**Problem details:**
With the pictures removed, write out the full listing below exactly.

**Data provided:**
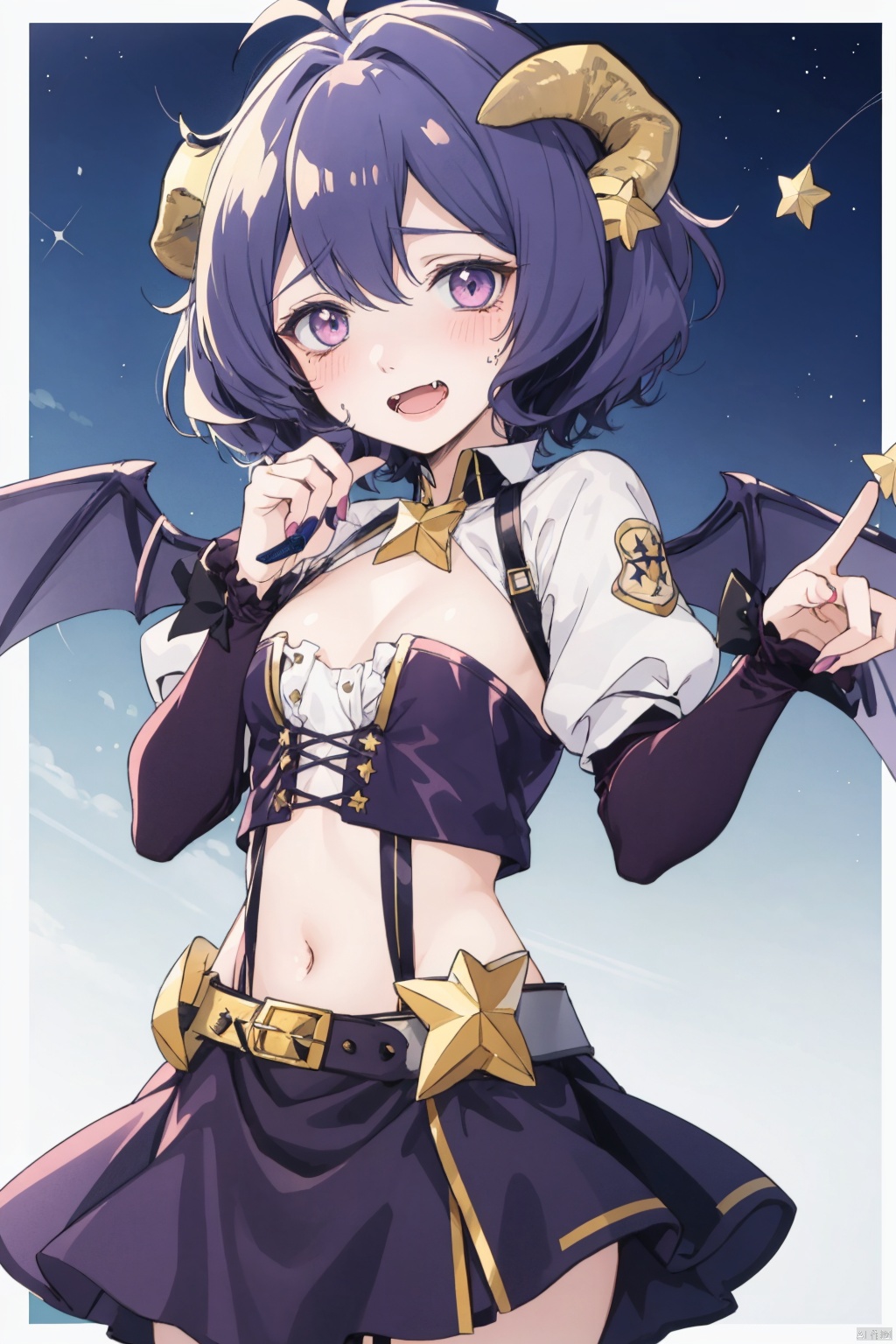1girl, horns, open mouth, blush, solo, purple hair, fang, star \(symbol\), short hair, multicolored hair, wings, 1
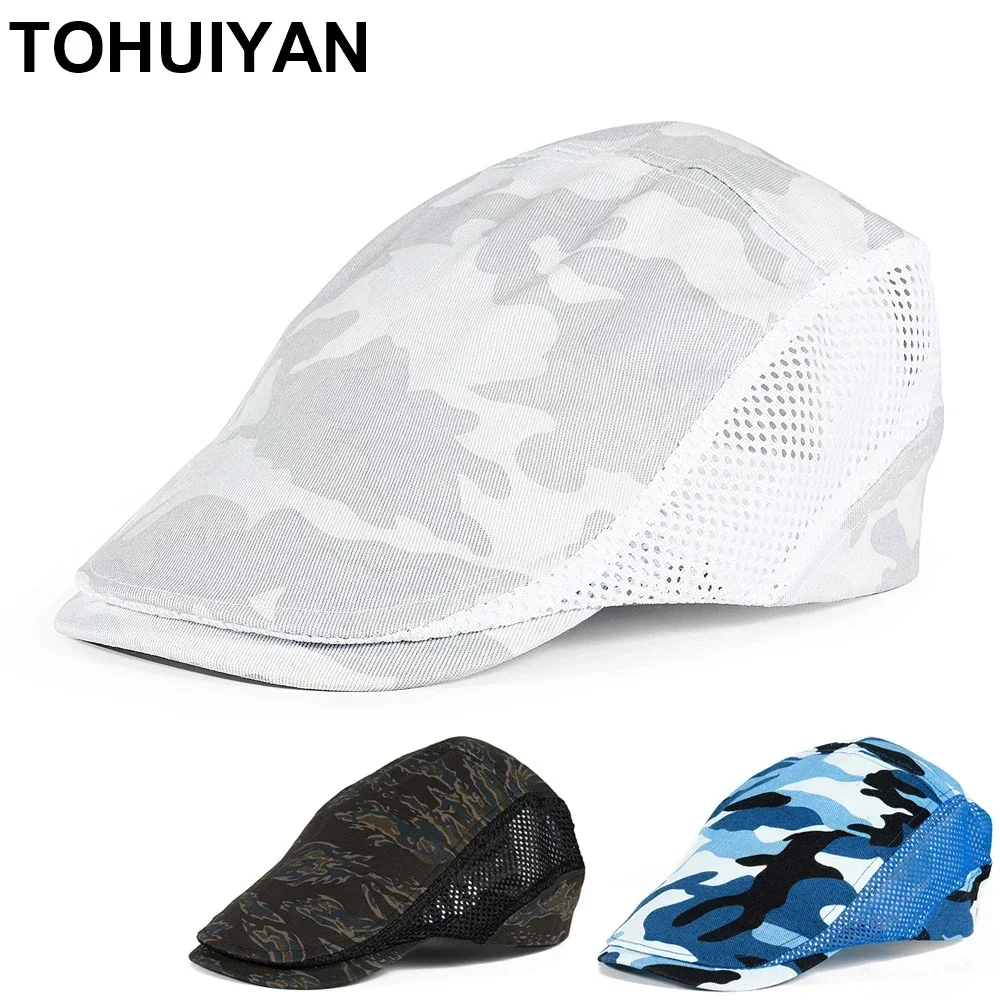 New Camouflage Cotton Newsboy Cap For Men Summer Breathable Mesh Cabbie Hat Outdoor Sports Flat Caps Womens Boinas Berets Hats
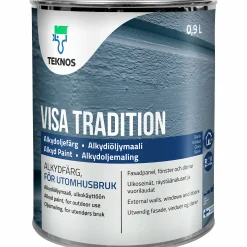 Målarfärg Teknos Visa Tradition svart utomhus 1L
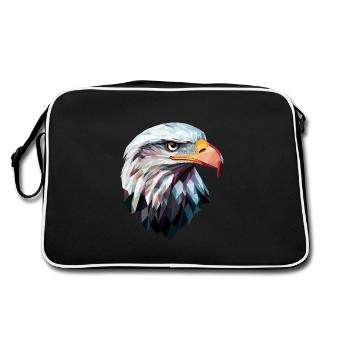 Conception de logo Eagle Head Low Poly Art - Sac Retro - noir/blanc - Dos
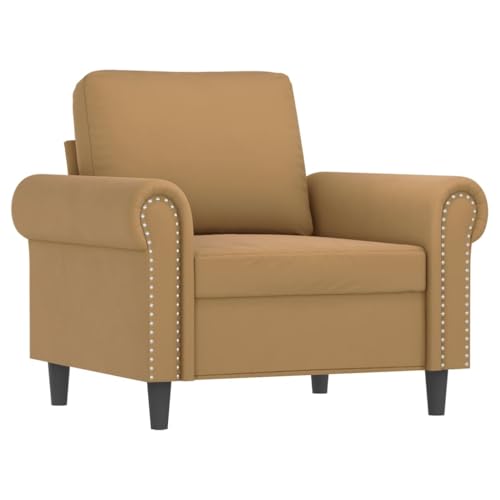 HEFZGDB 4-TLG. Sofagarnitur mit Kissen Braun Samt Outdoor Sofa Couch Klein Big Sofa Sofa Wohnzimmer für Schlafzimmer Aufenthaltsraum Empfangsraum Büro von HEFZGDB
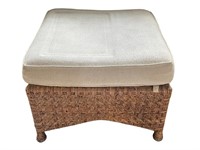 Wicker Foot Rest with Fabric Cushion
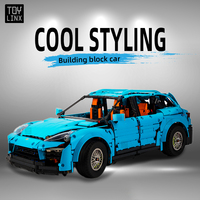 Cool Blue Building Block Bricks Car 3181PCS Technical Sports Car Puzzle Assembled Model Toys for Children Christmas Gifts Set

**Answer for this exercise:**
1girl, horns, open mouth, blush, solo, purple hair, fang, star \(symbol\), short hair, multicolored hair, wings, 1
 New Camouflage Cotton Newsboy Cap For Men Summer Breathable Mesh Cabbie Hat Outdoor Sports Flat Caps Womens Boinas Berets Hats
 Målarfärg Teknos Visa Tradition svart utomhus 1L
 Conception de logo Eagle Head Low Poly Art - Sac Retro - noir/blanc - Dos
 HEFZGDB 4-TLG. Sofagarnitur mit Kissen Braun Samt Outdoor Sofa Couch Klein Big Sofa Sofa Wohnzimmer für Schlafzimmer Aufenthaltsraum Empfangsraum Büro von HEFZGDB
 Wicker Foot Rest with Fabric Cushion
 Cool Blue Building Block Bricks Car 3181PCS Technical Sports Car Puzzle Assembled Model Toys for Children Christmas Gifts Set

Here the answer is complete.